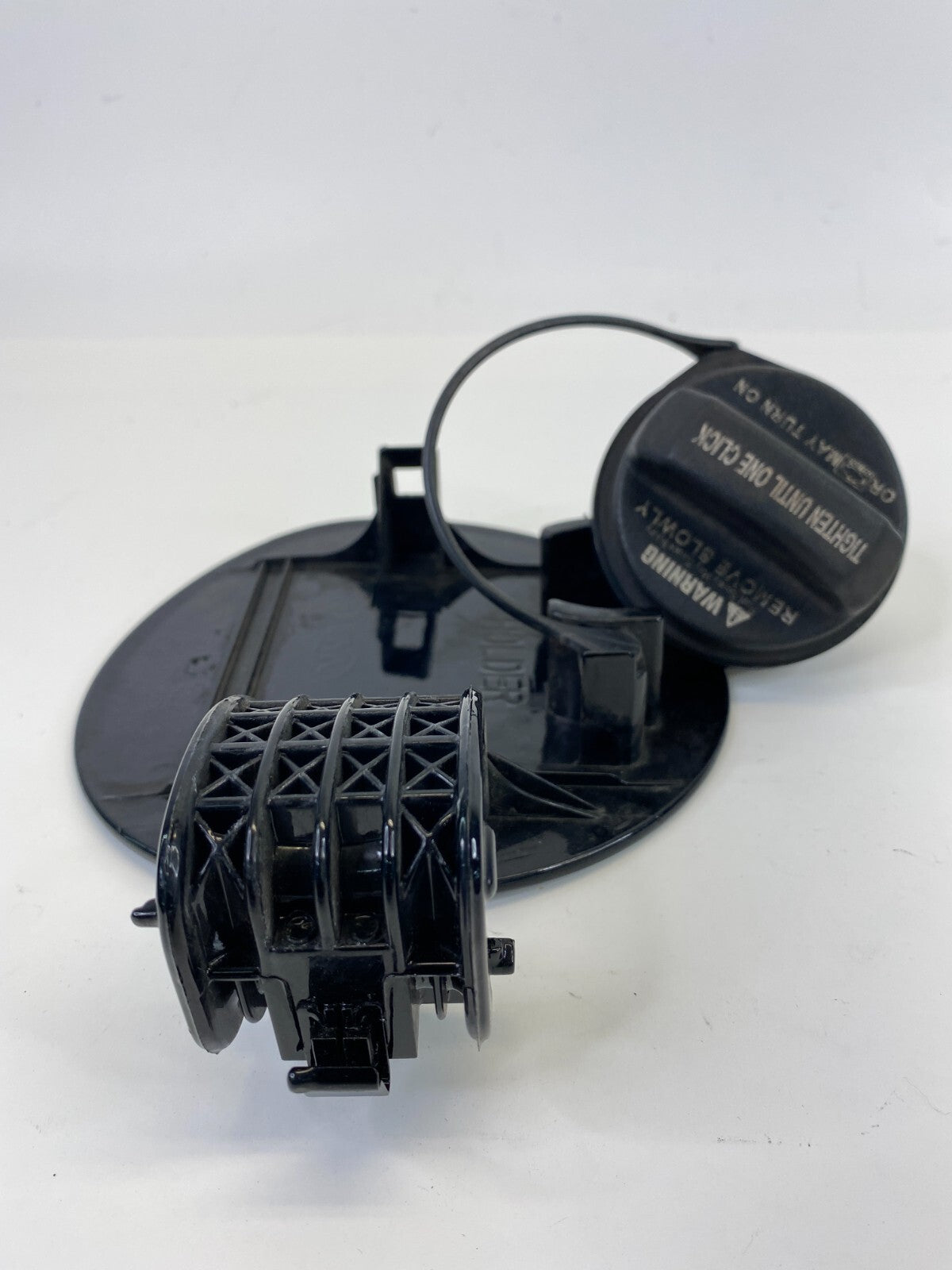 2011 12 13 14 2015 Kia Sorento Fuel Filler Door Gas Lid Cover w/ Cap OEM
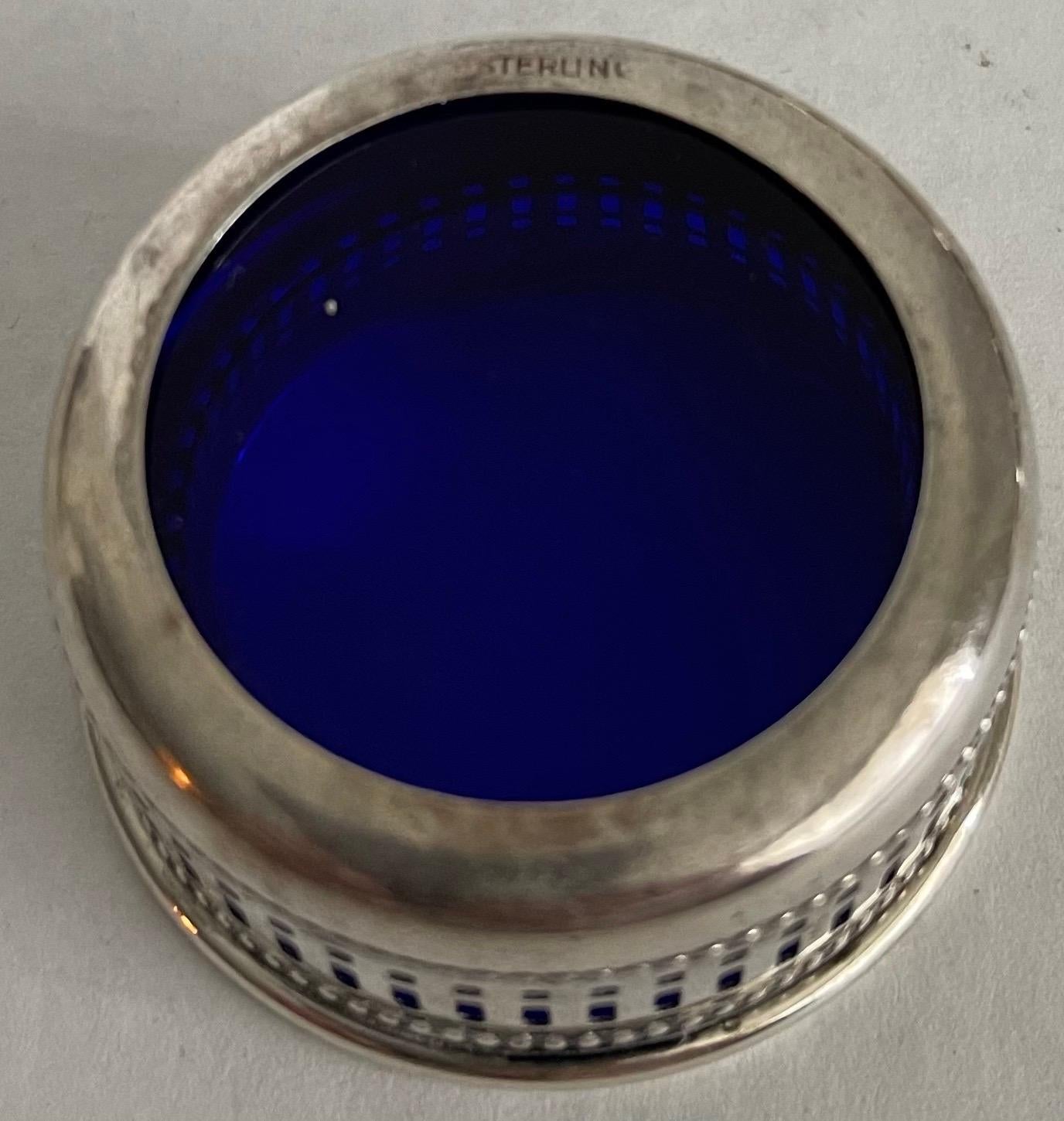 English Sterling Silver and Cobalt Glass Salt Cellars, Set of 8 In Good Condition In Stamford, CT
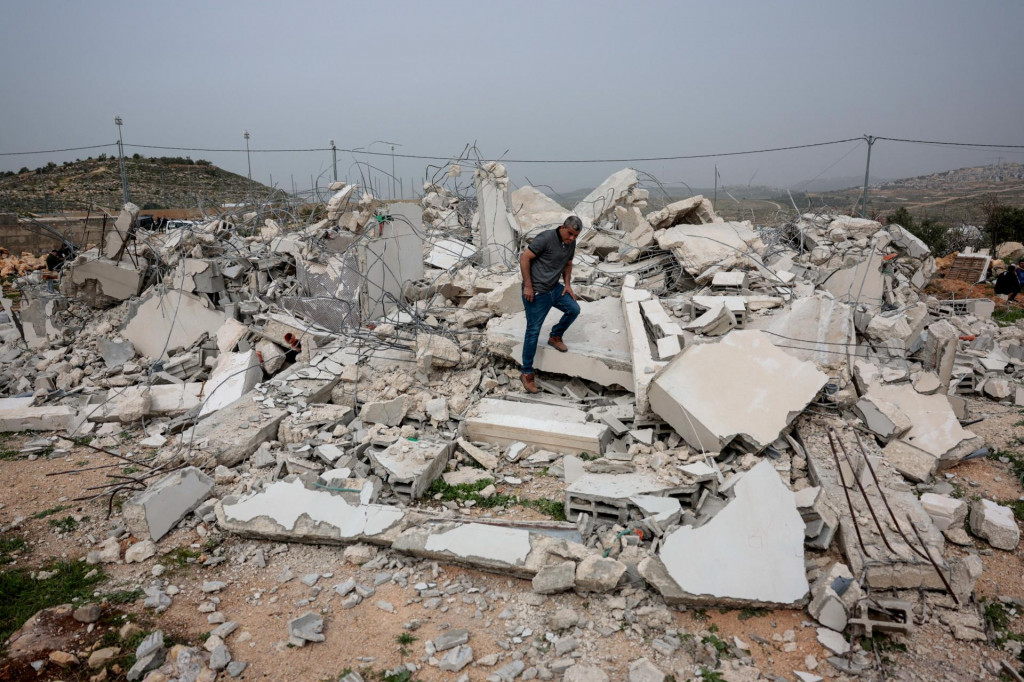 Palest&iacute;nsky muž stoj&iacute; uprostred trosiek budovy zdemolovanej izraelskou arm&aacute;dou neďaleko Ramall&aacute;hu na izraelskom okupovanom Z&aacute;padnom brehu Jord&aacute;nu. FOTO: Reuters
——————
» **AIM OF THE EXERCISE**
Your copy of the data should match it exactly, apart from the images, which are omitted.

» **YOUR RESPONSE**
 2011 12 13 14 2015 Kia Sorento Fuel Filler Door Gas Lid Cover w/ Cap OEM
 English Sterling Silver and Cobalt Glass Salt Cellars, Set of 8 In Good Condition In Stamford, CT
 Palest&iacute;nsky muž stoj&iacute; uprostred trosiek budovy zdemolovanej izraelskou arm&aacute;dou neďaleko Ramall&aacute;hu na izraelskom okupovanom Z&aacute;padnom brehu Jord&aacute;nu. FOTO: Reuters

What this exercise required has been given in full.